|Port of Prince Rupert|
The Port of Prince Rupert is the first major port on transoceanic cargo shipping lanes from Asia to North America. This places Prince Rupert in a highly strategic location with one of the deepest ice free ports in North America a full 1 to 3 days shorter shipping time from the major ports of the Asian Markets. The reason for that is really quite simple, the Pacific shipping lanes run from Asia to the southern coast of Alaska and then turn south.
|North American Rail|
|Canada / US Major Pipeline Networks|
|Nuclear Powered Ice Breaker Russia|
|Chinese Polar Ship Snow Dragon|
Just how comfortable are the Russians with the continued economic rise of the Chinese and what ramifications do they see for global security? More particularly how does this measure up in the Kremlin vis-a-vis Russian security and global influence? These questions will be weighed of course, but they will also be considered by the Russians in lieu of their vast resources in the Arctic. Naturally, the Russian Federation is working feverishly to solidify their claims in the Arctic from the Lomonosov Ridge to the Mendeleev Ridge, extensions of continental shelves... and according to the Russians, it would quite naturally be their continental shelf.
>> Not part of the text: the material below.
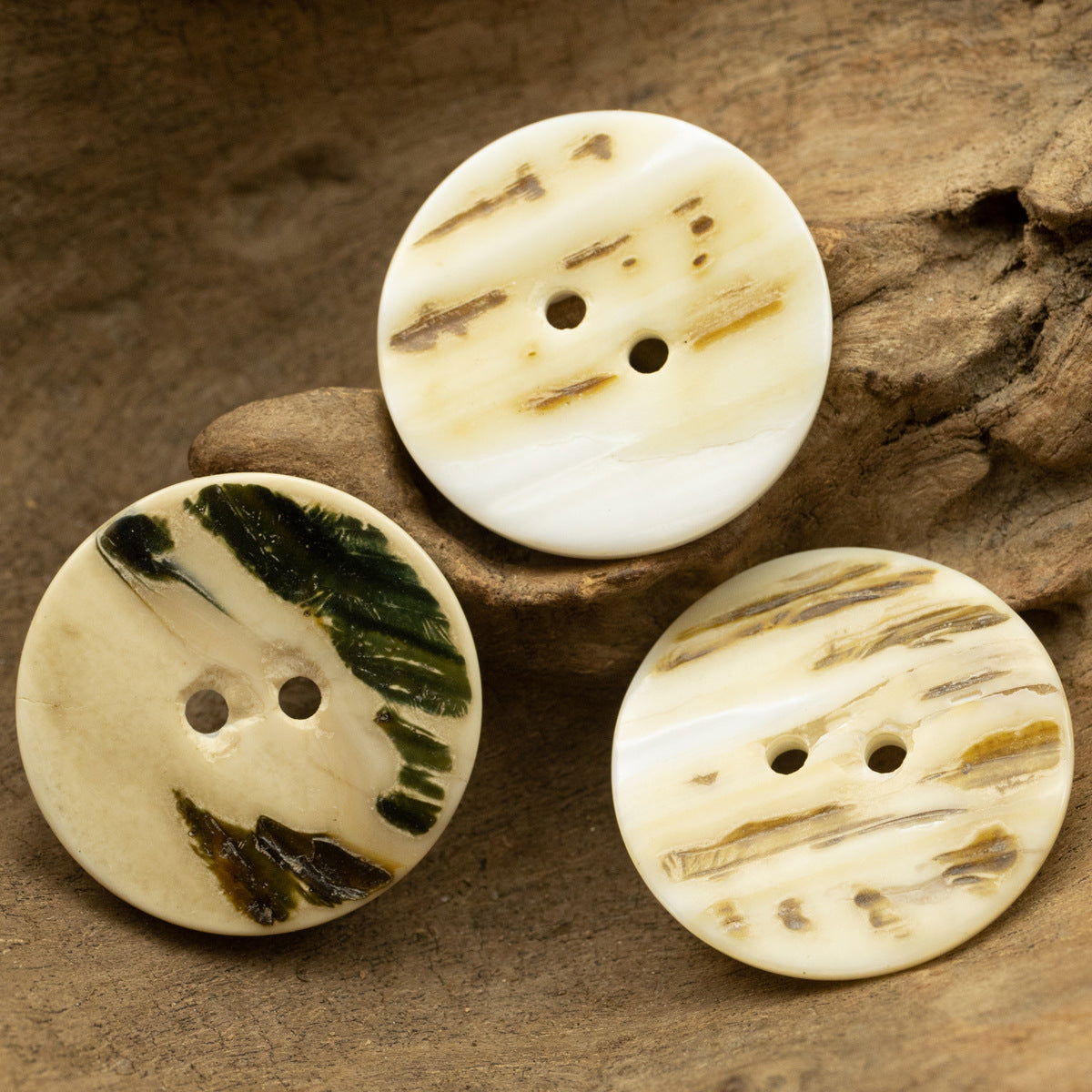 Three classic flat two-hole natural shell buttons with distinct veining patterns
The race to make strong claims to Arctic riches is well underway... but it's not a one sided affair, and there are many competing interests.
|Topographic features of the Arctic showing ridge features|
The Russians, quite naturally, say the extensions are theirs but Canada, Greenland, Denmark, and the United States all have their own interpretations. The stakes are considerable as some estimates indicate about 90 billion barrels of oil and 1.7 trillion cubic feet of gas exist in the Arctic. Hence, every circumpolar nation is working hard to establish their claims. Above all other considerations, one thing is undeniably certain, when nearly a quarter of the remaining hydrocarbons on the planet exist in the Arctic, you can be sure the major powers will not sit on the sidelines.
|Map of Arctic Oil Reserves|
I have been spending more time in the Arctic establishing contacts to create what I call an alluvial influence zone that stretches from Alaska through Canada and on to Greenland, Iceland, Denmark, and Finland. It's my belief that what happens in the Arctic over the next few decades will have enormous importance to Canada. But here's a twist, I think it will be quite important to Alberta. I believe that because we are positioned as Canada's gateway to the Western Arctic. Our influence in the Arctic may become as important to our Province as the oilsands. The oilsands are vast, but they are also finite.
This won't happen overnight, but it will happen. It's also important to keep in mind that the Arctic, while holding vast hydrocarbon wealth, also has enormous resources of minerals, ore, and rare earth elements... not to mention diamonds. This is not limited to oil and gas, the vast array of Arctic resources is staggering.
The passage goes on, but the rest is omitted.